┏━━
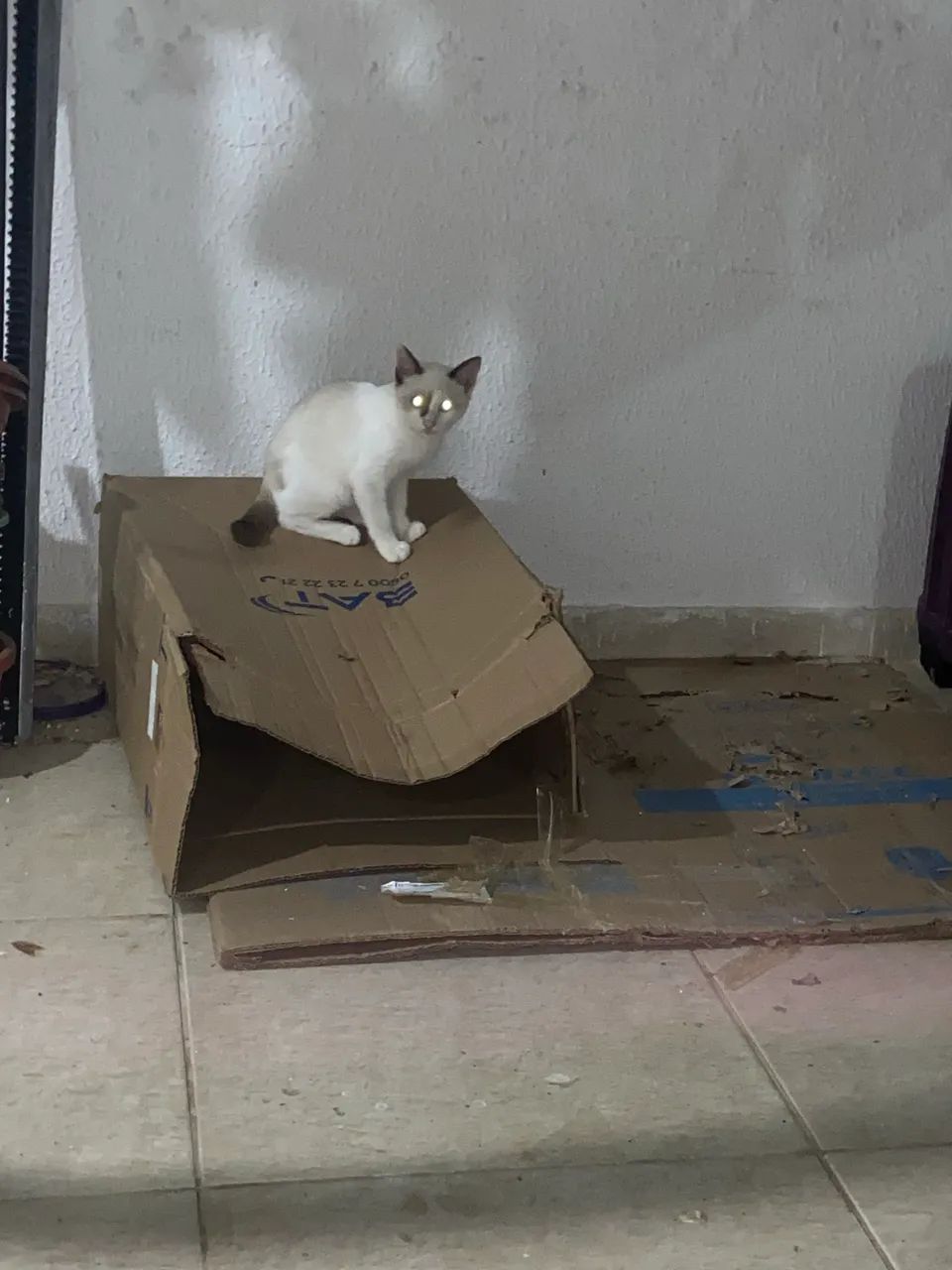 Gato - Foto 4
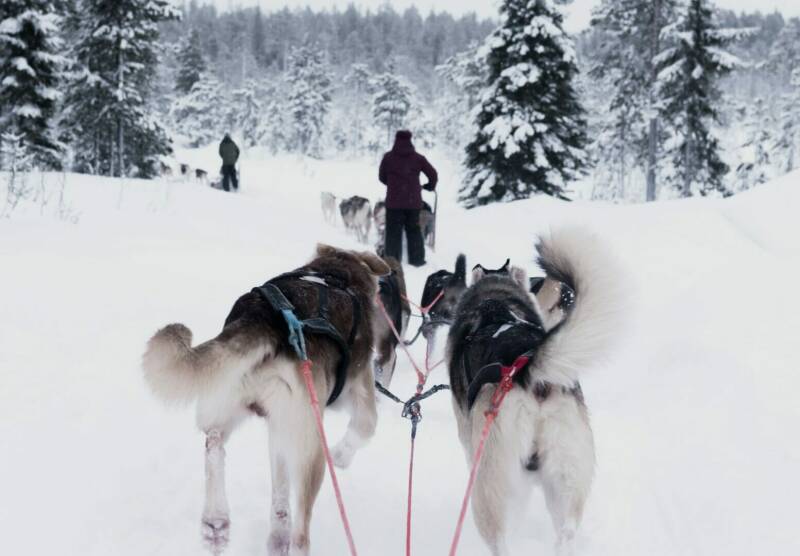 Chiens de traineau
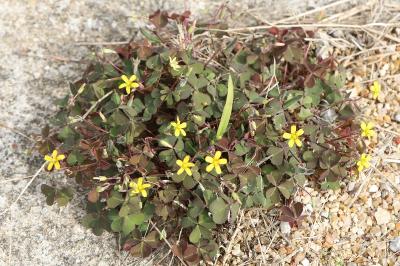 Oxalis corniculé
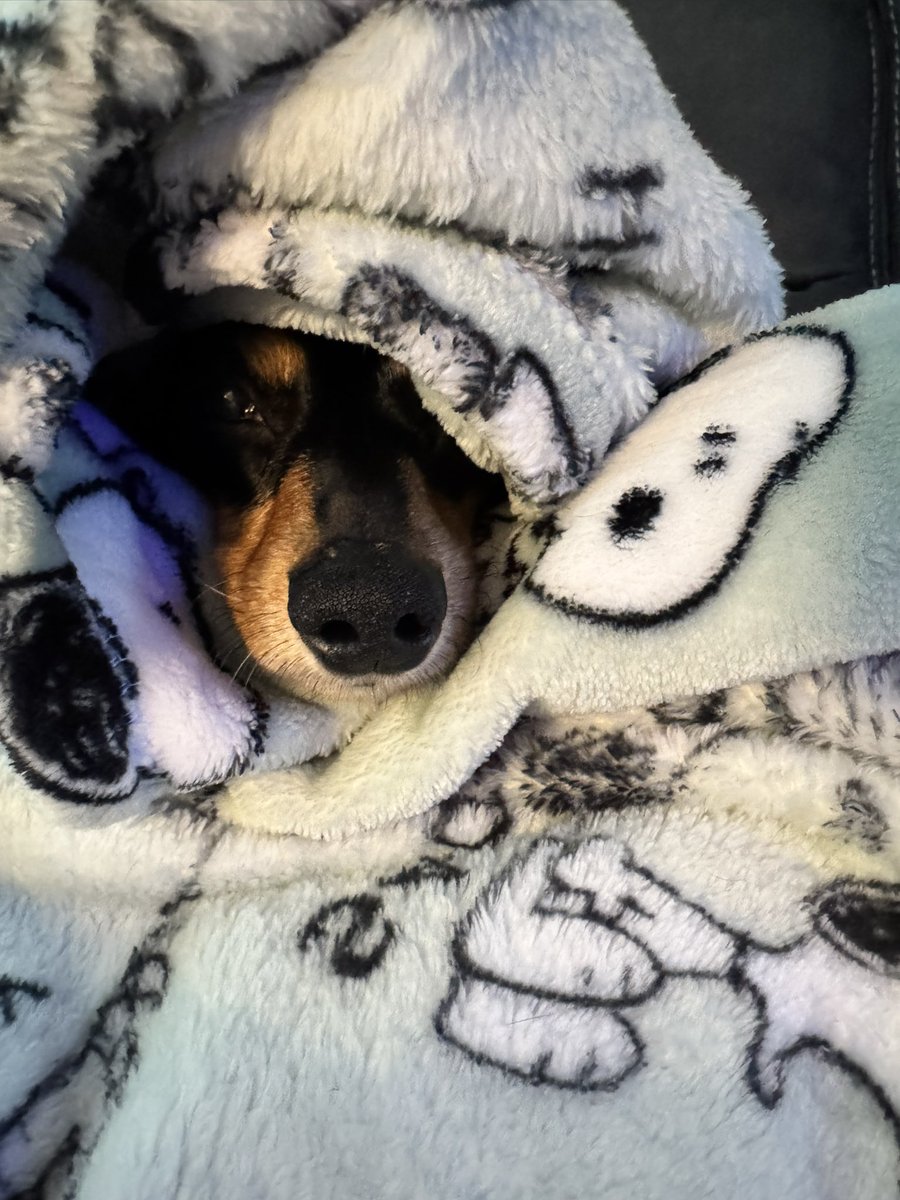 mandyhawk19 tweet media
┗━━
┏━━
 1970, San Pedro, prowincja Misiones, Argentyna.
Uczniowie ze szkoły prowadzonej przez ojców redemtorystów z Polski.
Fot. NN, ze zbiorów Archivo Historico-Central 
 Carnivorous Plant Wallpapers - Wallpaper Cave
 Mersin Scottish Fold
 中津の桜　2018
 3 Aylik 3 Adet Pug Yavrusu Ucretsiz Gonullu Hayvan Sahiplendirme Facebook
┗━━
▸ Exercise instructions
Both the line containing "Uczniowie ze szkoły" and the line containing "3 Aylik 3 Adet" belong in the answer. Print them and every line above that falls between them exactly, and no others.

▸ Written response
Uczniowie ze szkoły prowadzonej przez ojców redemtorystów z Polski.
Fot. NN, ze zbiorów Archivo Historico-Central 
 Carnivorous Plant Wallpapers - Wallpaper Cave
 Mersin Scottish Fold
 中津の桜　2018
 3 Aylik 3 Adet Pug Yavrusu Ucretsiz Gonullu Hayvan Sahiplendirme Facebook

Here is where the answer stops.